Представить, что однажды я напишу сценарий и советское государство даст деньги на съемку фильма о Колыме, мог только сумасшедший. Но в 1985-том началась перестройка. Следом за Горбачовым во власть пришли молодые люди, а в Госкино у руля встали мои товарищи. Один из них, чуя перемены, прислал мне мемуары безымянной старухи о герое Революции и гражданской войны Федоре Ильине-Раскольникове. Имя его было запрещено, но ветер перемен позволял надеяться...

Я забралась в архивы. Бумаги Раскольникова был рассыпаны и припрятаны архивистами, получившими некогда приказ об уничтожении бумаг.

В досье близлежащих его соратников – от вождя Владимира Ленина до красавицы жены Ларисы Рейснер - можно было найти его листочки. «Единица хранения» называлась каждая папочка и имела свой собственный номер...

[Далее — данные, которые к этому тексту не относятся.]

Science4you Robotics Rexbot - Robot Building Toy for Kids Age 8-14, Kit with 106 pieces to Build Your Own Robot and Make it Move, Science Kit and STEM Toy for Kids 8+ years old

Папку за папкой я перебирала «параллельные» судьбы, выуживая «единицы хранения», имеющие отношение к Раскольникову, и однажды они все рядком улеглись в стопочку передо мной в пустом зале Румянцевской библиотеки в Отделе рукописей. Я любила заглядывать в формуляр выдачи, узнавать, кто и в каком году дотрагивался до меня до этих листочков. С удивлением обнаружила в каждом формуляре детской рукой старательно выведенное слово «Шаламов». Я изучала почерк и видела руку школьника...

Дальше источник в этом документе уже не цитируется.